Des études scientifiques récentes montrent qu’un des principaux éléments qui caractérise psychiquement l’homo sapiens concerne la présence chez lui d’un esprit artistique, dont on ne retrouve pas la trace chez son proche cousin, l’homme de Néandertal. Ce type d’exemple peut donner à penser que l’homme moderne bénéficie naturellement de capacités qui participent d’une nature propre. La nature renvoie en effet à une idée d’origine, d’où son étymologie « nascor », qui signifie « naître ». Elle correspond alors à tout ce qui est inné. L’idée de nature humaine se traduirait donc pour l’homme comme un potentiel inné auquel il a accès indépendamment de son vécu. Or, cette idée de nature humaine peut paraître paradoxale. Dans un régime politique, elle peut revêtir un aspect protecteur de la dignité de l’homme, notamment du fait que les droits qui lui sont reconnus ne se fonderaient plus forcément sur la religion, mais sur l’analyse de la nature. Toutefois, l’idée d’une nature de l’homme peut être l’indice d’une limite au-delà de laquelle il ne peut aller, qui peut alors l’enfermer ou le contraindre.
Pour ces raisons, et dans la mesure où l’homme peut même se définir comme un être qui a vocation à vivre en société pour développer ses potentiels, peut-on à juste titre parler de nature humaine ?
Ainsi, si la notion de nature humaine est avant tout revêtue d’un paradoxe, elle peut servir à faire état, en creux, du fait que l’homme a des manques qu’il a besoin de combler par la vie en société.
I. La notion de nature humaine peut paraître paradoxale pour définir ce qui est commun à tous les hommes
Pouvant être à la fois protectrice et limitatrice, la notion de nature humaine apparaît comme étant paradoxale.
A. Entre protection et limite, une notion variable
Il existe plusieurs interprétations de l’idée de nature humaine.
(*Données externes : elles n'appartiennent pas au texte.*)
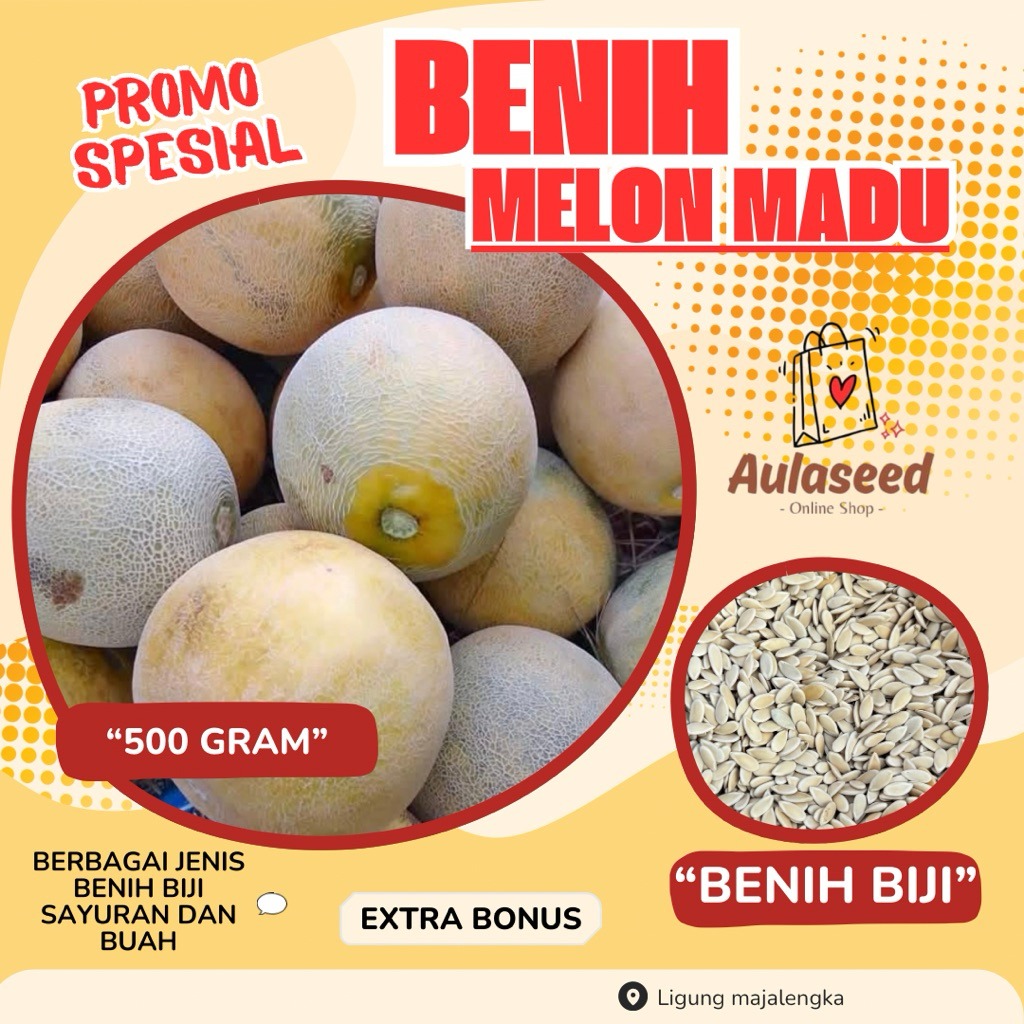 (500  Gram ) Benih Biji Melon Madu> Bibit Melon Madu>+ Bonus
Elle peut avant tout suggérer que l’homme naît homme, c’est-à-dire qu’il a en lui de façon innée tout ce qui caractérise un être humain. Toutefois, il est difficile de donner un contenu précis à ces propriétés innées et universelles, surtout quand on s’interroge sur les caractéristiques psychiques et morales de l’homme. Dans le Discours sur l’origine et les fondements de l’inégalité parmi les hommes (1755), lorsqu’il essaye de penser l’homme indépendamment de ses acquis sociaux (rôle, travail…), c’est-à-dire à l’état de nature, Rousseau le considère comme un être sensible, affectif, naturellement porté vers le respect de la vie et du bien-être. Néanmoins, Rousseau imagine que l’homme à l’état de nature est un homme ayant suffisamment d’espace pour être indépendant et subvenir à ses besoins grâce à une nature extérieure suffisamment généreuse. Ainsi, pour Rousseau, si « L’homme est bon par nature, c’est la société qui le corrompt ».
L’idée de nature humaine peut aussi renvoyer à la raison de l’homme. Pour Descartes, la raison apparaît même comme une capacité innée qui caractérise l’homme autant, voire plus, que son corps. Cette raison fait alors la dignité de l’homme. Elle nous différencie des animaux par une aptitude à penser. Comme le soulignait déjà Aristote dans l’Âme, les animaux peuvent émettre des sons pour exprimer une sensation immédiate, mais ils ne peuvent pas combiner des sons pour produire des pensées abstraites, complexes et détachées de la réalité sensible immédiate. Du point de vue politique et moral, les conséquences d’une telle idée de la nature humaine sont capitales, car c’est parce que l’on reconnaît que les hommes sont universellement dotés de raison que l’on va pouvoir affirmer que tous les hommes sont égaux en nature. Dès le XVIe siècle, l’École de Salamanque conçoit ainsi que les sources du droit ne doivent plus être recherchées dans les textes sacrés ou les traditions, mais dans l’examen de la nature à la lumière de la raison. Ce processus, incarné par le jusnaturalisme, conduira progressivement à la déclaration d’un ensemble de droits inaliénables, que les juristes appellent des droits naturels. La notion de nature humaine peut donc apparaître importante car elle est porteuse de valeurs universelles et entraîne des conséquences politiques.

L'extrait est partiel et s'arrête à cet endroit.